Compare NVIDIA GeForce RTX 40 Series GPUs.

www.nvidia.com

+ 15-25 Watt Dynamic Boost from the CPU
There are 4060/4070 laptops which are marketed with a 140W GPU power limit because of that.
It may of course be that 5060's 115W figure is given without such boost in the rumor above.

Albuquerque · Aug 26, 2024

It appears 140W refers to the 115W TGP configuration plus NVIDIA"s "Dynamic Boost 2.0" which allows up to another 25W, as a function of removing power from the CPU, in cases where chip thermals permit the extra power consumption. Both the configuration of the base SKU (eg 45W, 80W, 115W) plus support for Dynamic Boost 2.0 must both be baked into the laptop firmware to permit this behavior, which is why there are laptops in the wild with "140W" rated 4060's.

EDIT: Totally beaten to the punch by @DegustatoR

trinibwoy · Aug 26, 2024

DegustatoR said:
It may of course be that 5060's 115W figure is given without such boost in the rumor above.

Exactly.
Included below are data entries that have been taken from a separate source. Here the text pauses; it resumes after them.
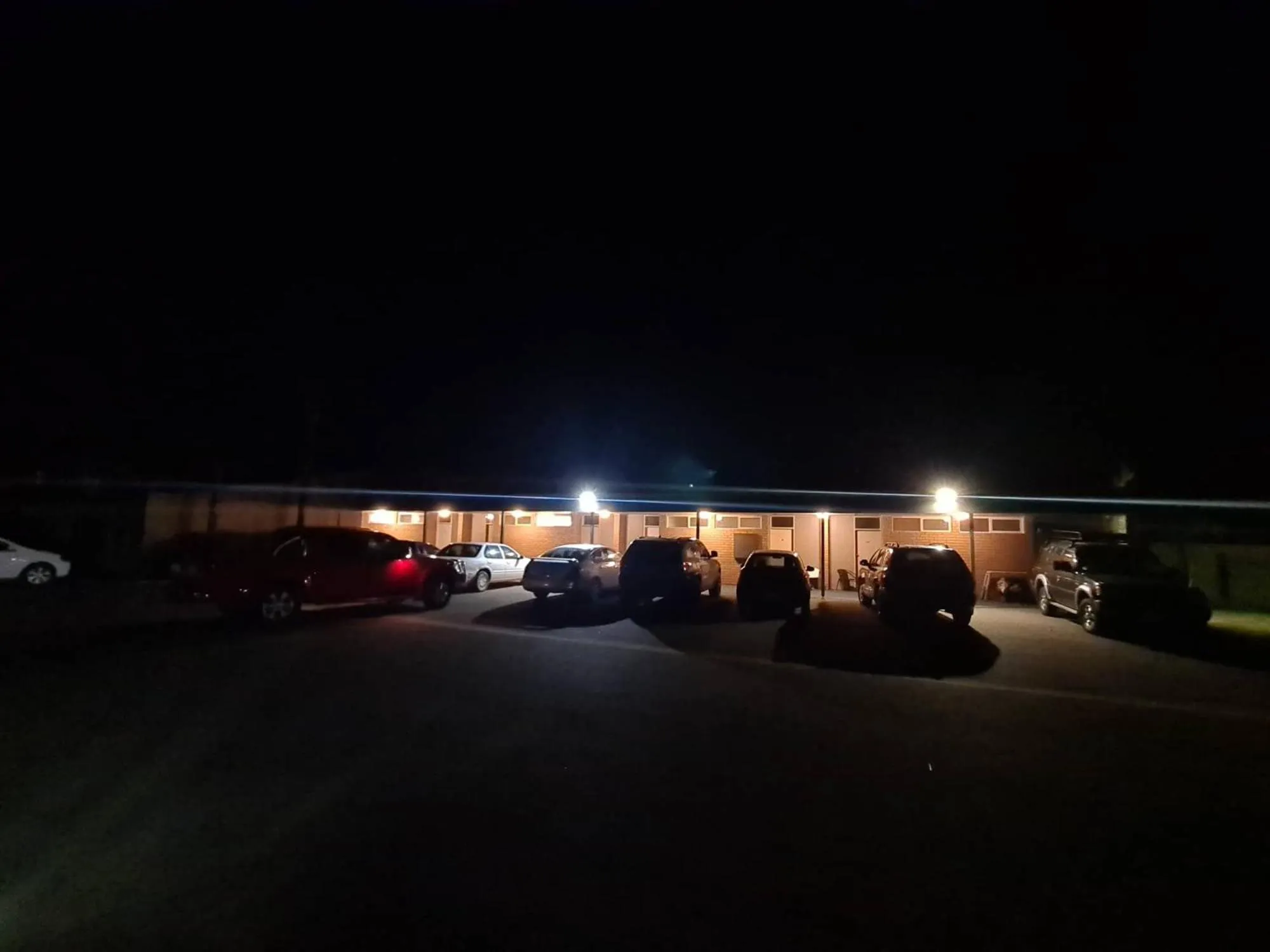 Parking in Cottonwood Motor Inn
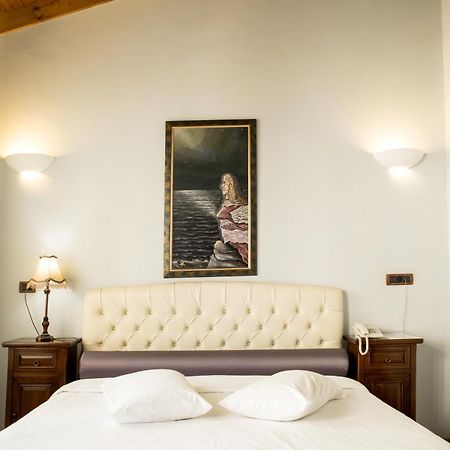Kyveli Suites Nafplio Phòng bức ảnh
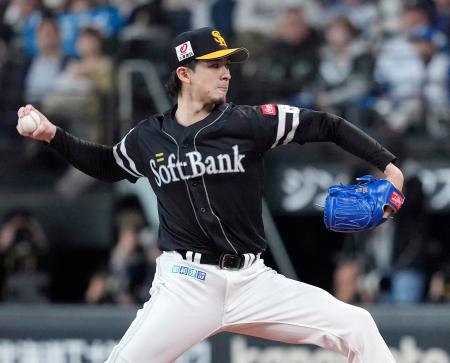 日本ハム戦に先発し、７回２失点で今季初勝利を挙げ１２球団勝利を飾ったソフトバンク・上沢＝エスコンフィールド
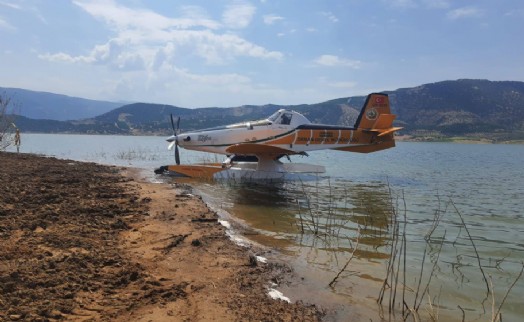 İzmir'de barajdan su alan söndürme uçağı havalanamadı, pilot güvenle tahliye edildi
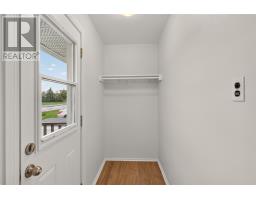 115 Elizabeth Drive thumbnail 2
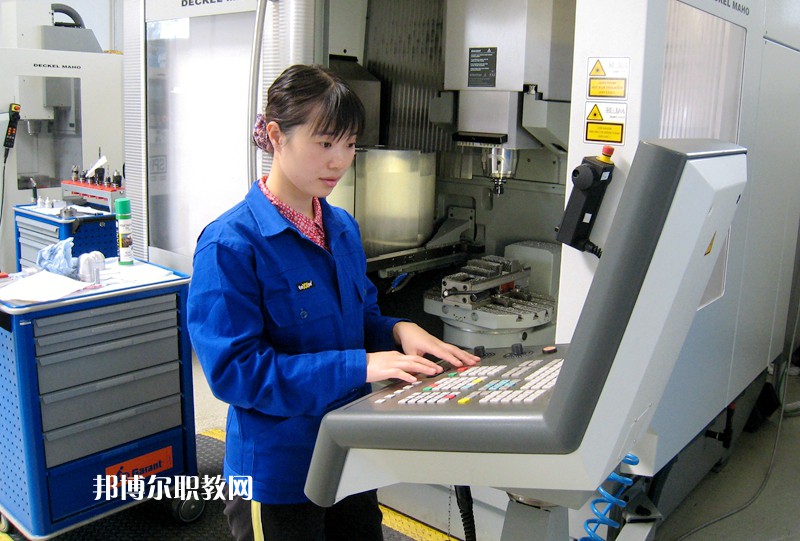 石家莊新世紀中等專業學校2022年報名條件、招生要求、招生對象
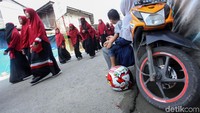 Mereka pawai keliling kota Sinabang.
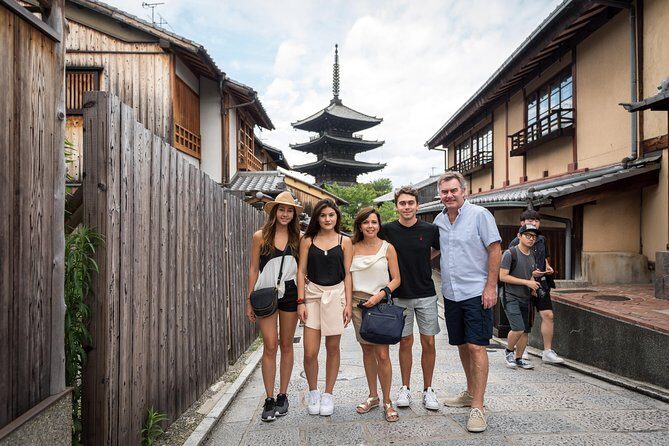 The right way to know Kyoto - Stop 3: Kinkakuji Temple and the price of the Golden Pavilion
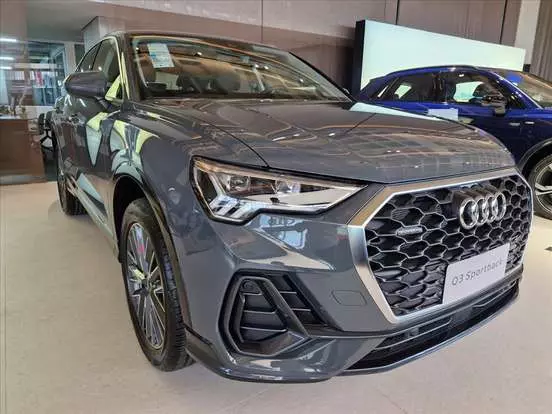 AUDI Q3 R$ 445,000 - 2024/2024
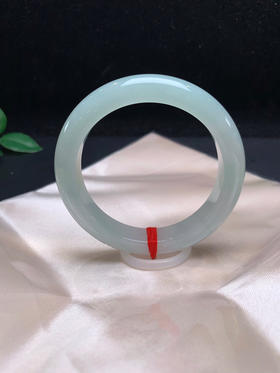 612900，56. 浅绿底正圈，底妆细腻清爽，大半圈带浅绿底，水润清新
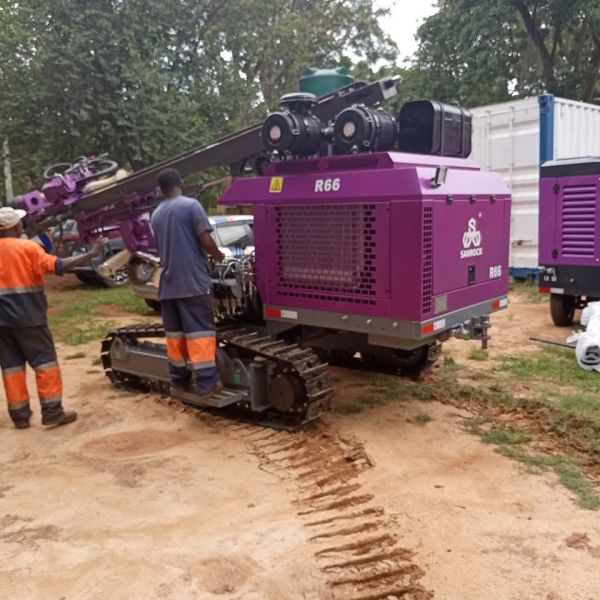 Separated DTH Drilling Rig Rotary Torque 2500N.m Borehole Drilling Equipment Surface Drill Rigs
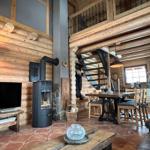 Blick vom Wohnzimmerbereich auf die Galerie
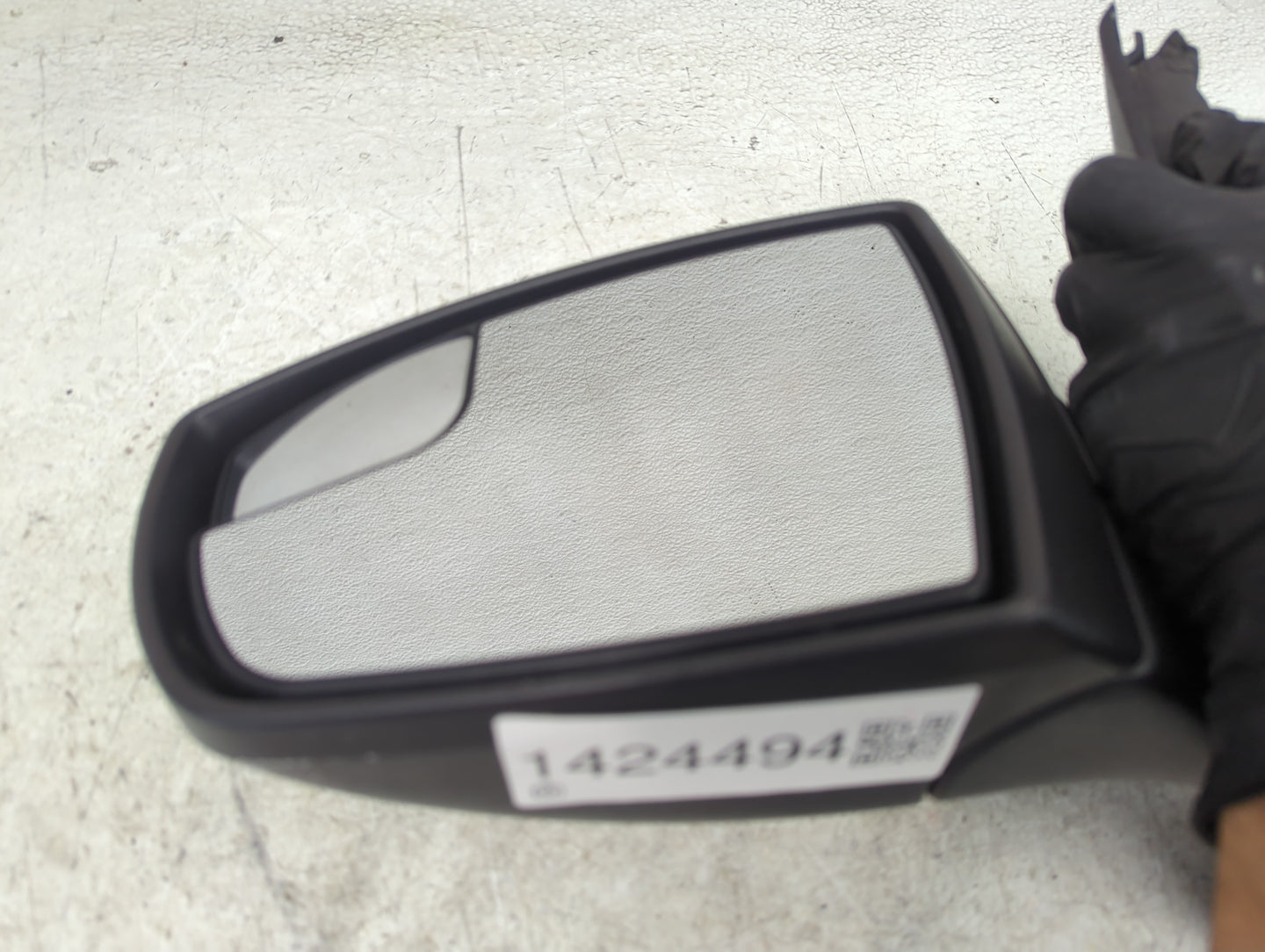 2013-2016 Ford Escape Driver Side View Mirror - Left Door Mirror OEM Used - Oemusedautoparts1.com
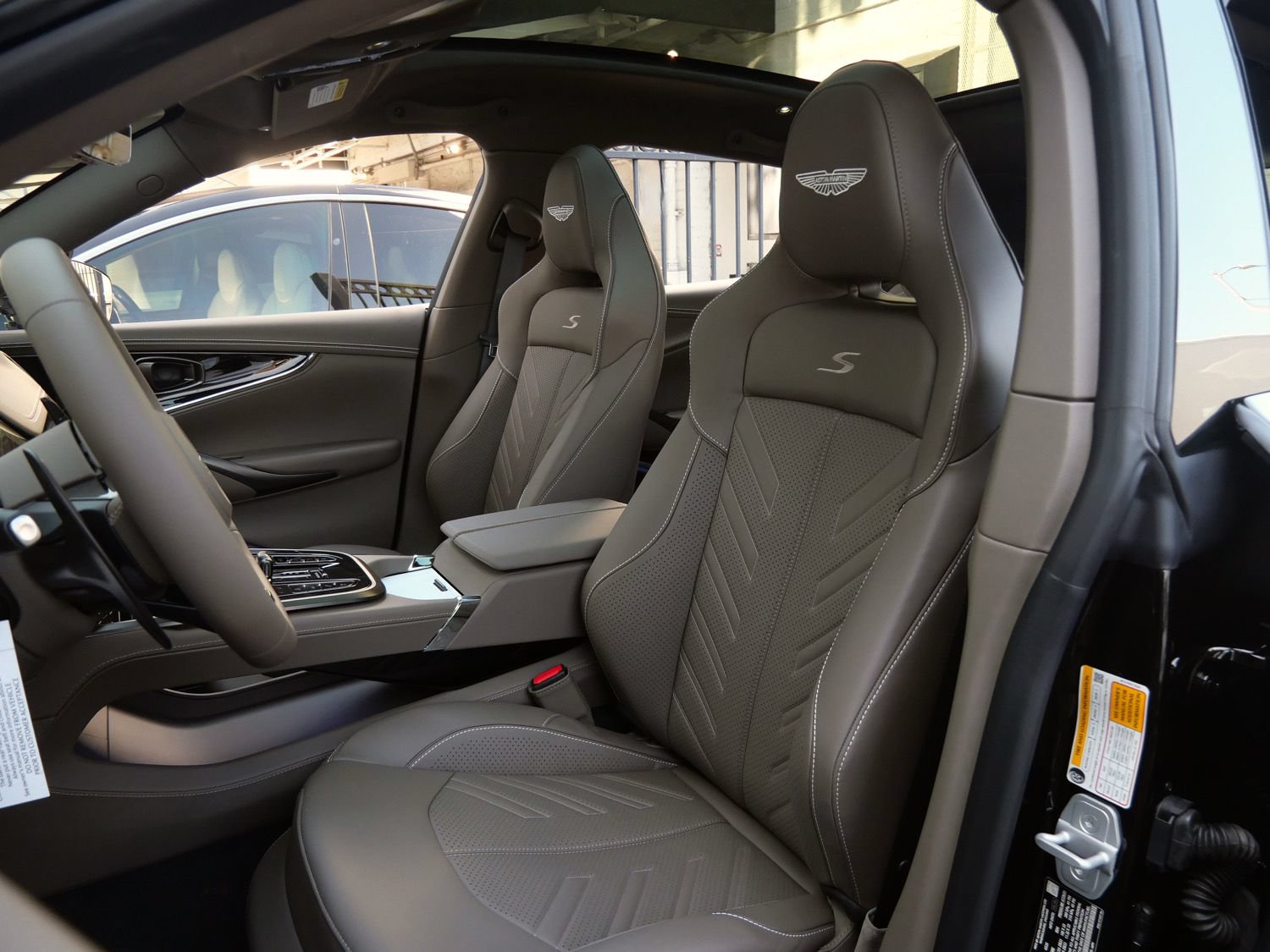New 2026 Aston Martin DBX S AWD/4WD image 22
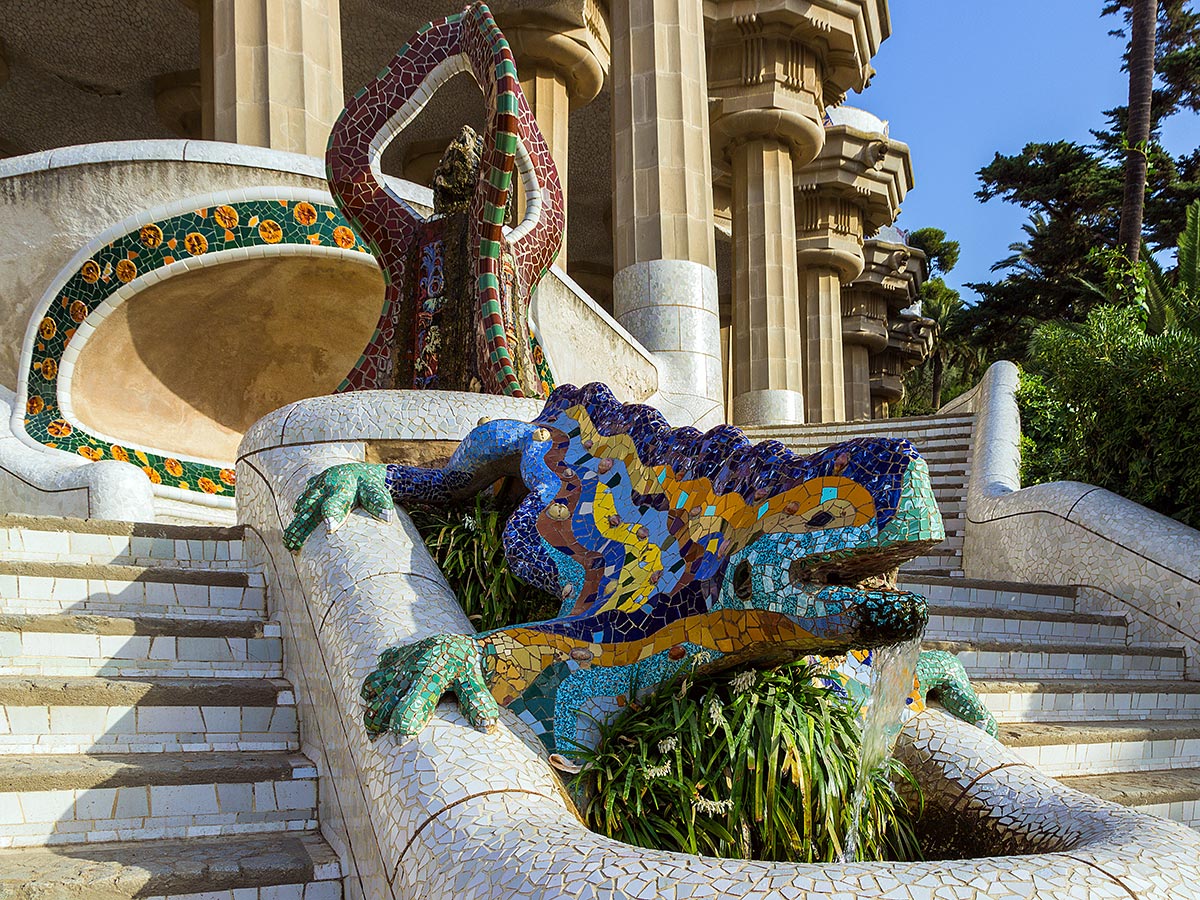 barcelona-dragon-fountain-at-parc-guell-67470117.jpg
Hopefully it’s clear now.

TopSpoiler · Aug 27, 2024

NVIDIA Blackwell Platform at Hot Chips 2024

At Hot Chips 2024, we got another look at the NVIDIA Blackwell platform which will be the company's big AI chip in 2025

www.servethehome.com

Deleted member 2197 · Aug 27, 2024

NVIDIA Deep-Dives Into Blackwell Infrastructure: NV-HBI Used To Fuse Two AI GPUs Together, 5th Gen Tensor Cores, 5th Gen NVLINK & Spectrum-X Detailed

NVIDIA has given a deep dive into its Blackwell AI platform & how it leverages a new high-bandwidth interface to fuse two GPUs together.

wccftech.com

Arun · Aug 27, 2024

The Blackwell Hot Chips presentation was a bit of a nothing burger, very light on details… except…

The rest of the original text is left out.